### Action item
Leaving the images out, output each entry below exactly.
##### Material provided
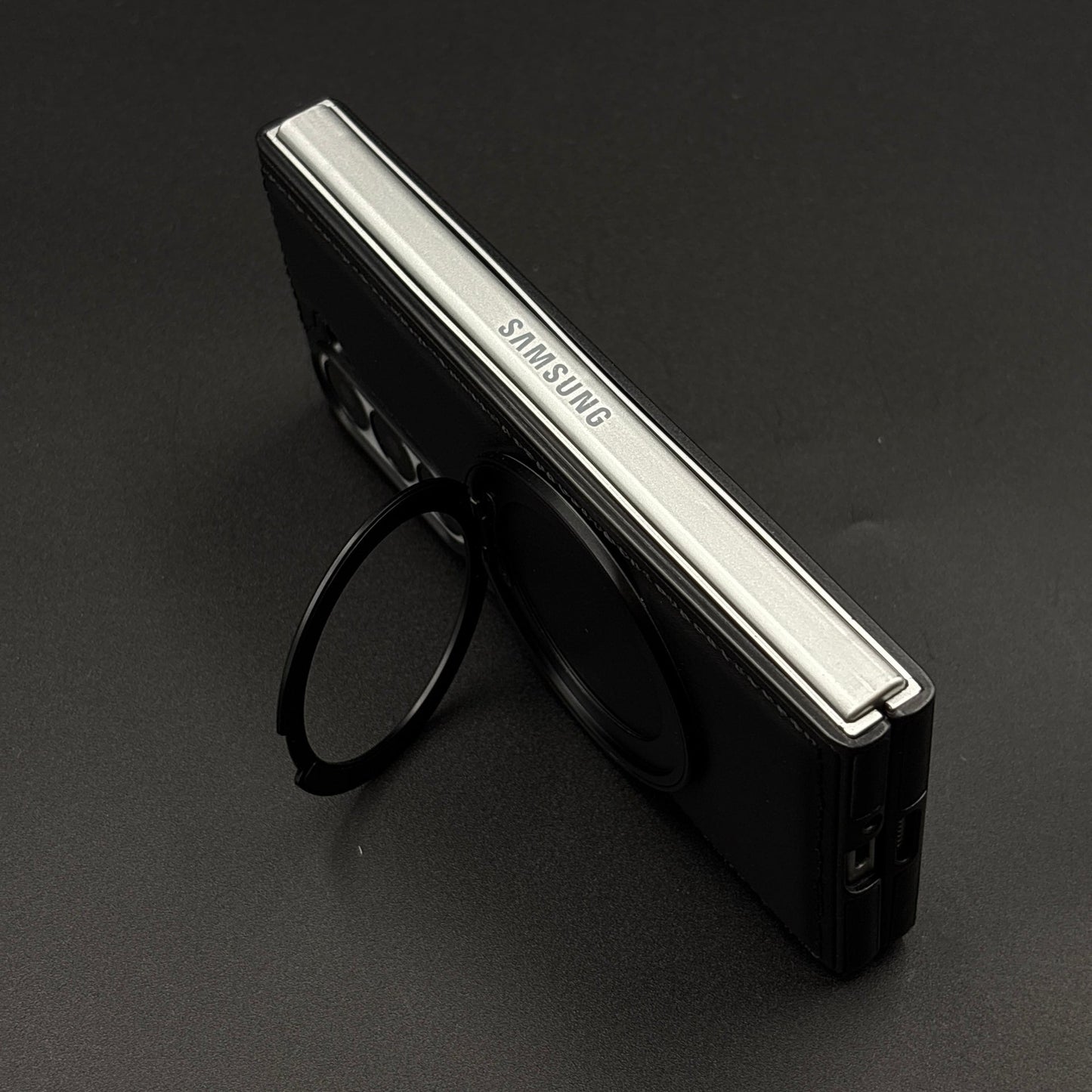 Stitch Leather Case 360° Rotating Metal Stand for Samsung Galaxy Z Fold 6 | Magsafe Compatible | Premium Feel & Grip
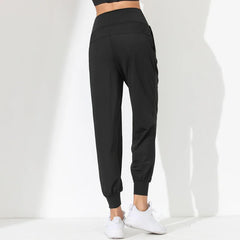 Relaxed Fit Elastic Waist Fitness Joggers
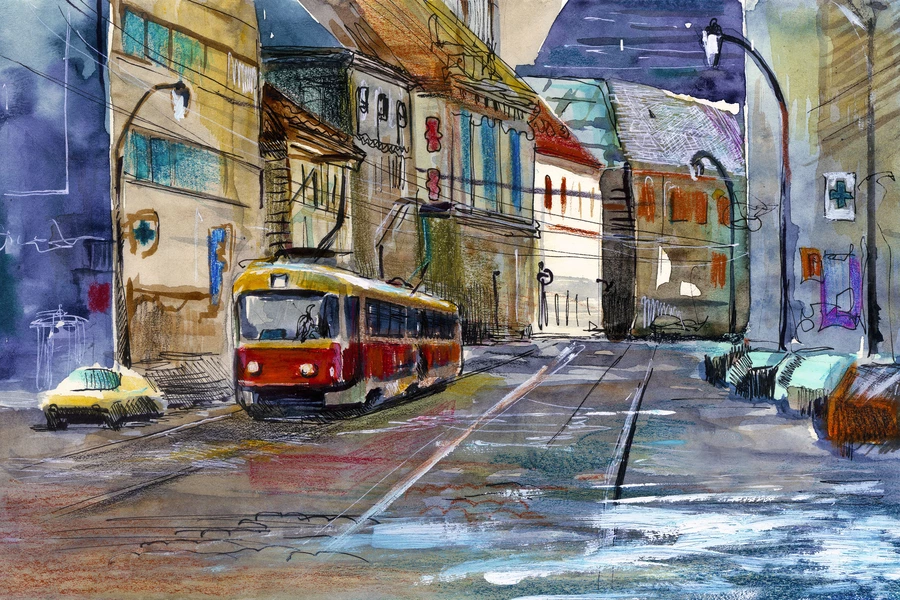 O stradă din Praga
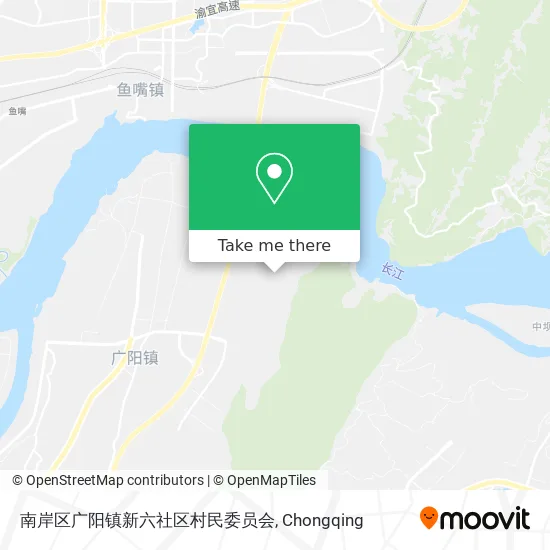 南岸区广阳镇新六社区村民委员会 map
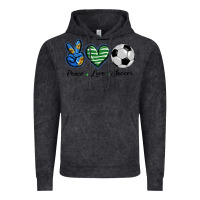 Vintage Black peace love soccer Vintage Hoodie - BarkalooDesign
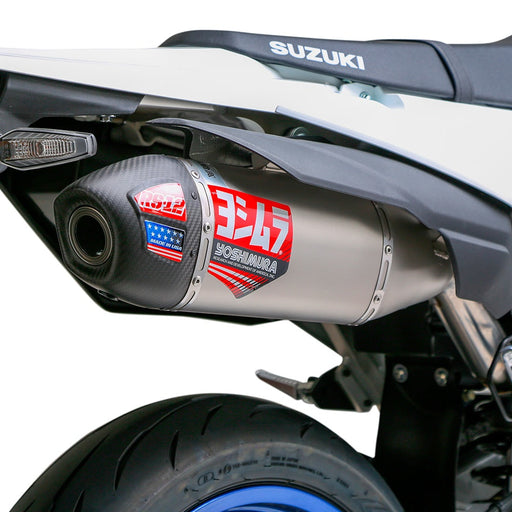 Yoshimura DR-Z4 S/SM 2025 RS-12 Stainless Slip-On, w/ Stainless Muffler Yoshimura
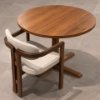 Picture of Chair, etton, fabric+wood, 52x57x79 (h) cm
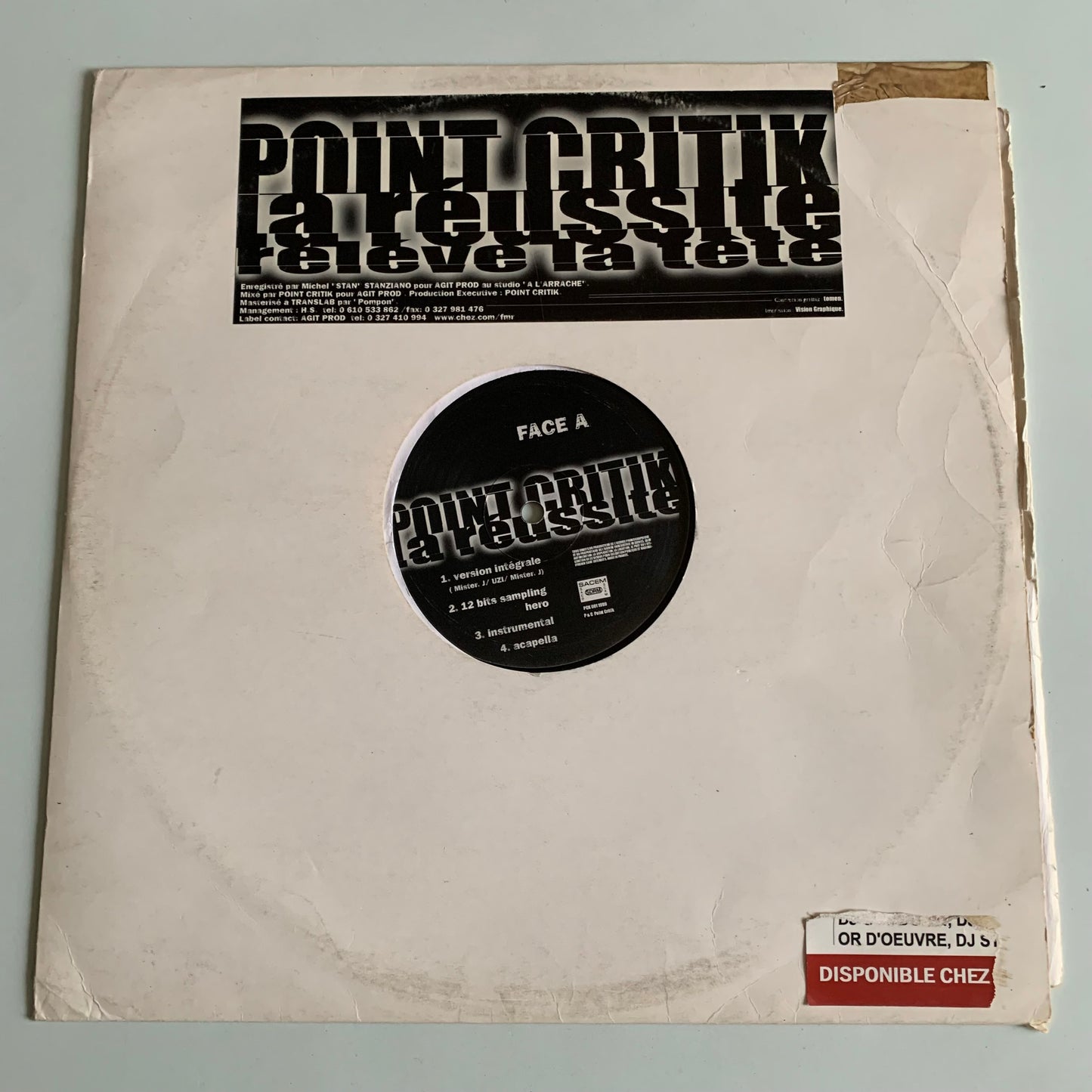 Point Critik - La Réussite / Relève La Tête - 12” 1999 Occasion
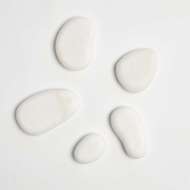 Picture of S/5 RIVER ROCKS-WHITE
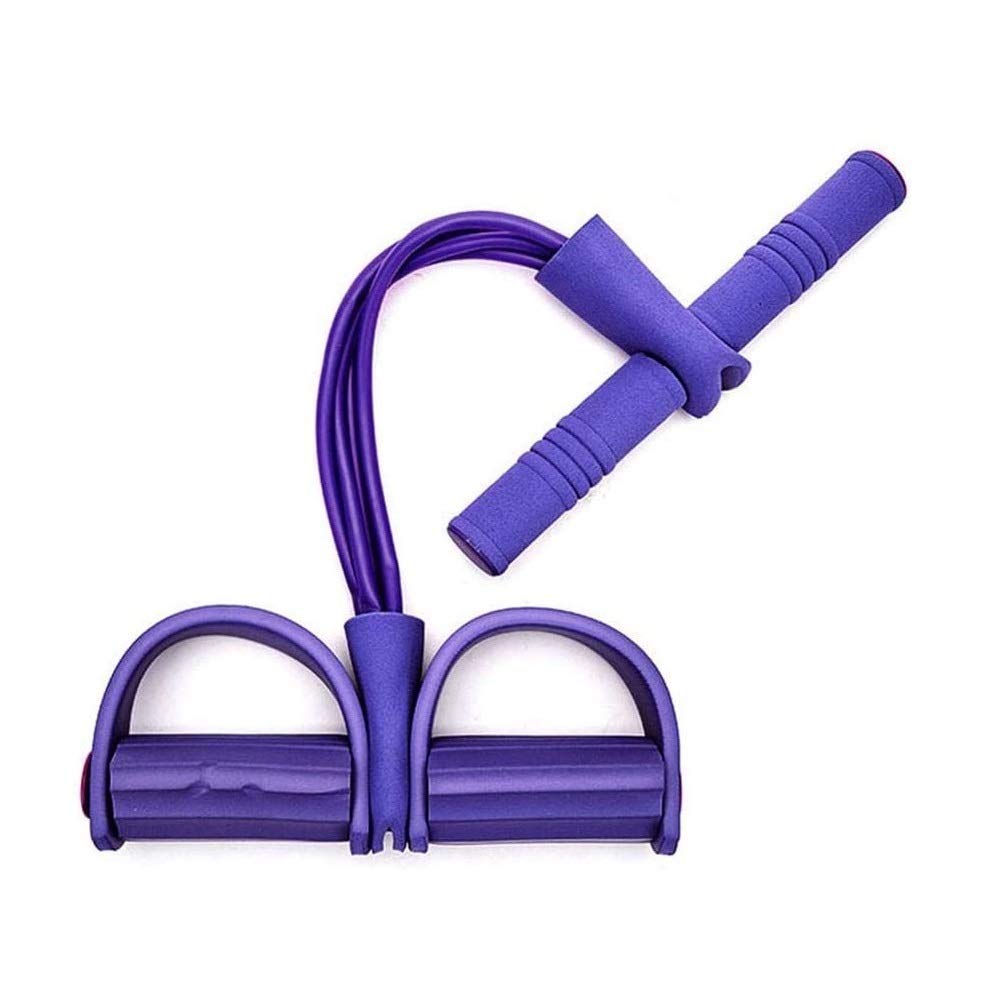 ProLeo Multifunctional Tensioning Rope Fitness Pedal Training Rope Pull Straps, 4 Tube Leg Exerciser Pull Rope, Portable Home Gym Device for Fitness Loss Training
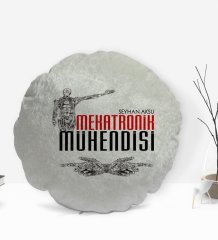 Kişiye Özel İsimli Mekatronik Mühendisi Tasarımlı Dekoratif Kırlent Yastık-1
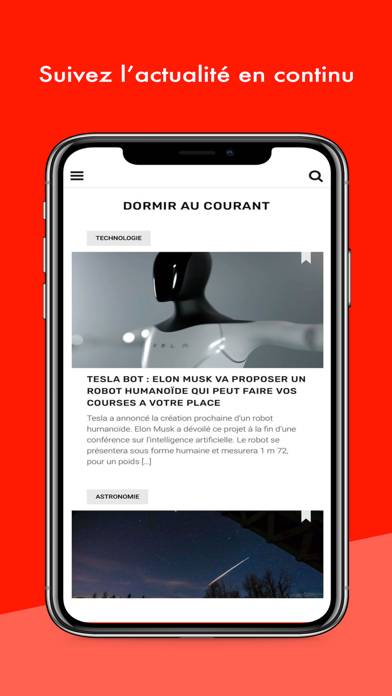 Dormir Au Courant Fr App screenshot #1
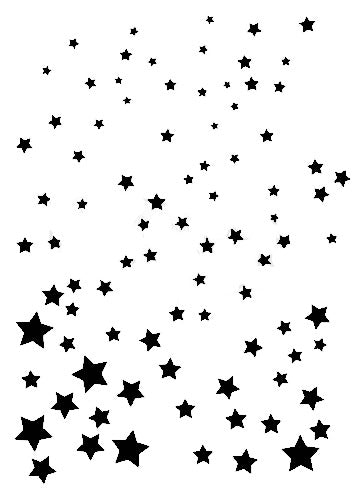 Powder or Airbrush Stencil - Twinkle 5.25 x 7.25 Only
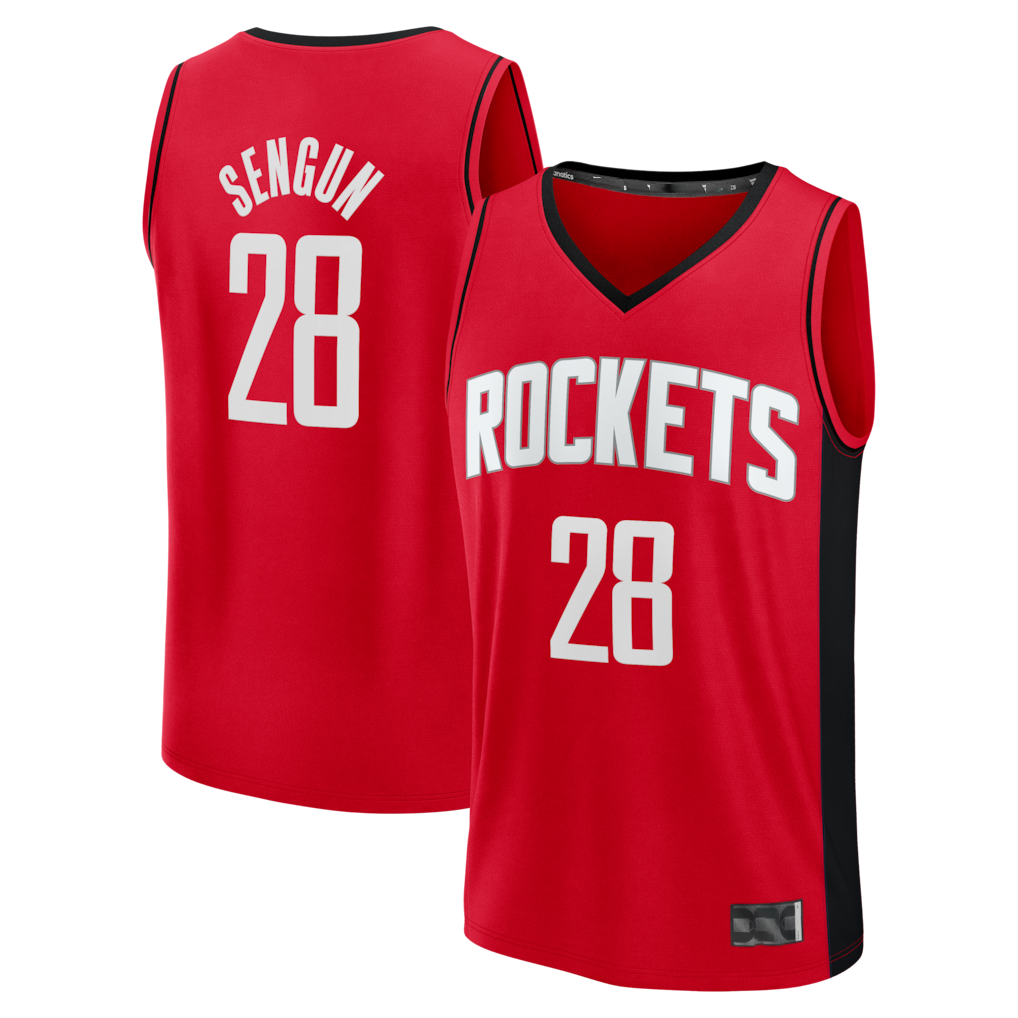 Rebec H.Rockets #28 Alperen ?eng¨¹n Red Fast Break Replica Stitched Jerseys- Icon Edition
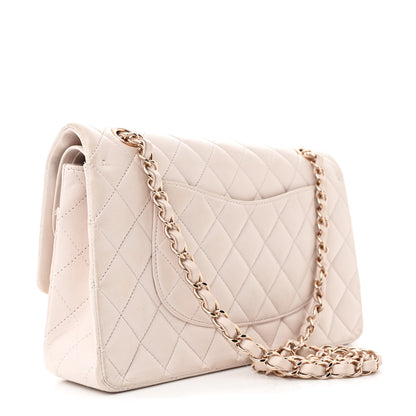 Chanel Lambskin Quilted Medium Double Flap Light Pink 3 of 13
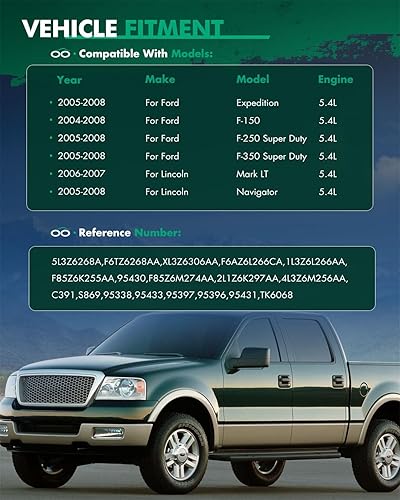 Miniatura 4 de SCITOO 9-4201S 9-4202S Kit de cadena de distribución del motor Reemplaza para Ford para Lincoln Expedition F-150 F-250 Super Duty F-350 Super Duty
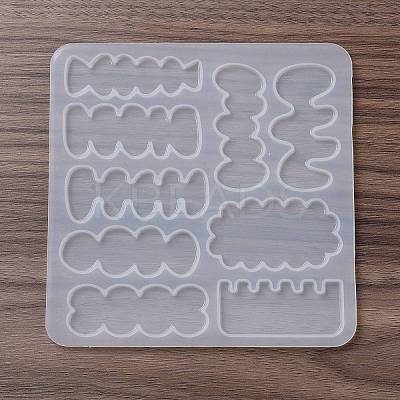 DIY Irregular Shape Cabochon Silicone Molds for Hair Clips DIY-L069-01A-1
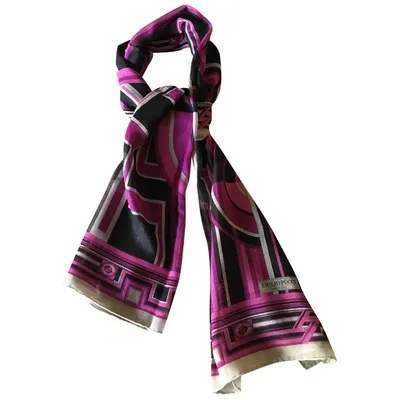 Pre-owned Emilio Pucci Silk Cheche In Pink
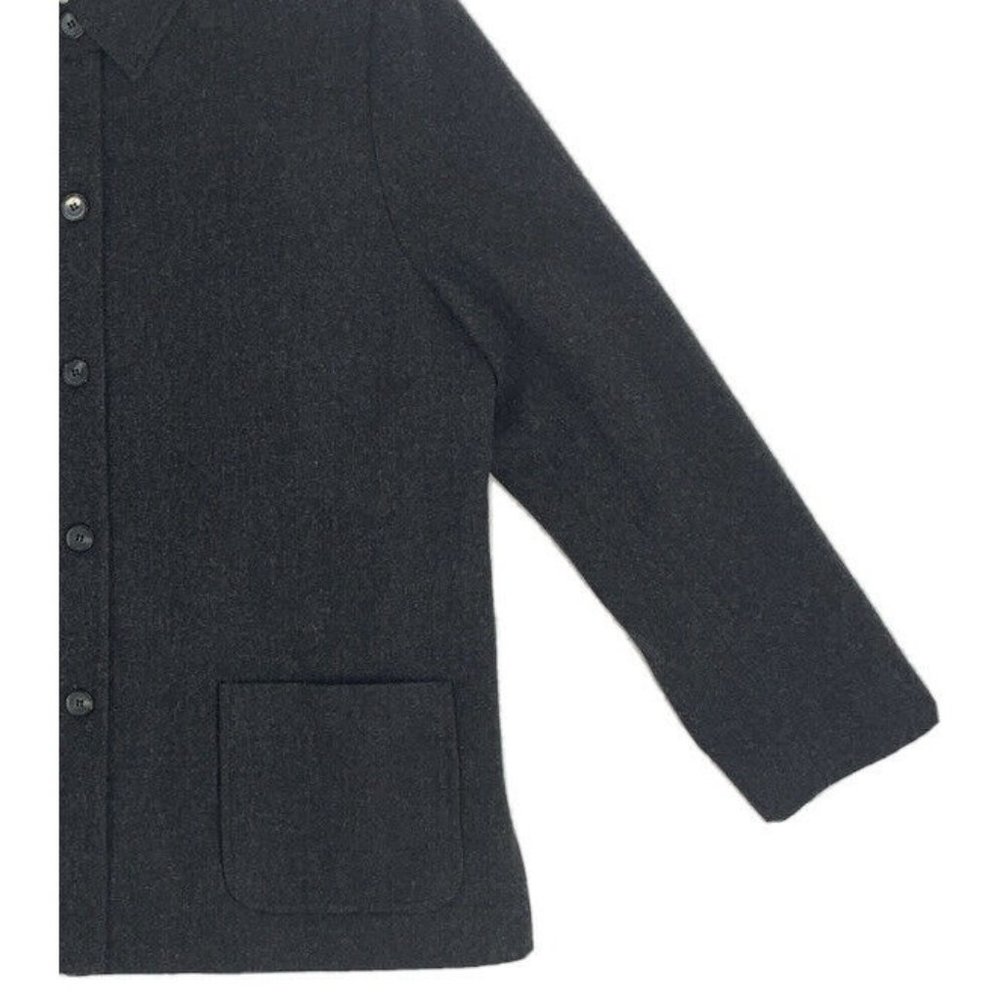 Women's Pendleton Blazer Jacket Charcoal Gray 14 … - image 3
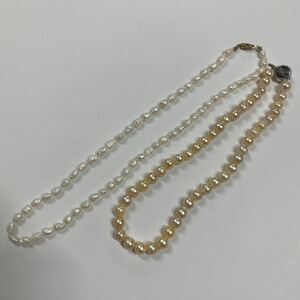 ネックレス 【管理番号34】淡水パール パール SILVER刻印 短いネックレス アクセサリー 部品取り 可愛い 綺麗系 ペンダント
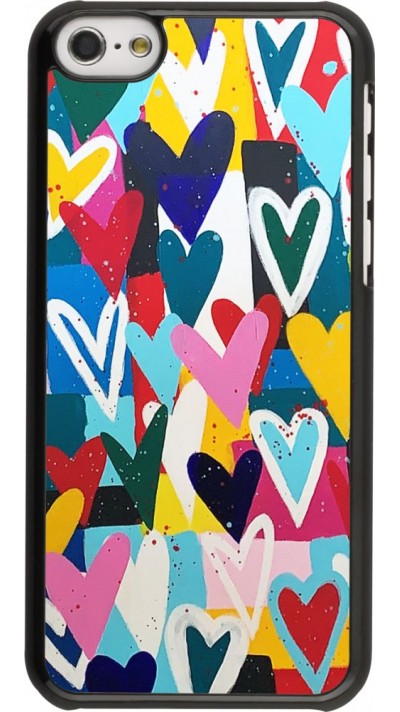 Coque iPhone 5c - Joyful Hearts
##########
### Response area
 Stitch Leather Case 360° Rotating Metal Stand for Samsung Galaxy Z Fold 6 | Magsafe Compatible | Premium Feel & Grip
 Relaxed Fit Elastic Waist Fitness Joggers
 O stradă din Praga
 南岸区广阳镇新六社区村民委员会 map
 Vintage Black peace love soccer Vintage Hoodie - BarkalooDesign
 Yoshimura DR-Z4 S/SM 2025 RS-12 Stainless Slip-On, w/ Stainless Muffler Yoshimura
 Picture of Chair, etton, fabric+wood, 52x57x79 (h) cm
 Point Critik - La Réussite / Relève La Tête - 12” 1999 Occasion
 Picture of S/5 RIVER ROCKS-WHITE
 ProLeo Multifunctional Tensioning Rope Fitness Pedal Training Rope Pull Straps, 4 Tube Leg Exerciser Pull Rope, Portable Home Gym Device for Fitness Loss Training
 Kişiye Özel İsimli Mekatronik Mühendisi Tasarımlı Dekoratif Kırlent Yastık-1
 Dormir Au Courant Fr App screenshot #1
 Powder or Airbrush Stencil - Twinkle 5.25 x 7.25 Only
 Rebec H.Rockets #28 Alperen ?eng¨¹n Red Fast Break Replica Stitched Jerseys- Icon Edition
 Chanel Lambskin Quilted Medium Double Flap Light Pink 3 of 13
 Miniatura 4 de SCITOO 9-4201S 9-4202S Kit de cadena de distribución del motor Reemplaza para Ford para Lincoln Expedition F-150 F-250 Super Duty F-350 Super Duty
 DIY Irregular Shape Cabochon Silicone Molds for Hair Clips DIY-L069-01A-1
 Pre-owned Emilio Pucci Silk Cheche In Pink
 Women's Pendleton Blazer Jacket Charcoal Gray 14 … - image 3
 ネックレス 【管理番号34】淡水パール パール SILVER刻印 短いネックレス アクセサリー 部品取り 可愛い 綺麗系 ペンダント
 Coque iPhone 5c - Joyful Hearts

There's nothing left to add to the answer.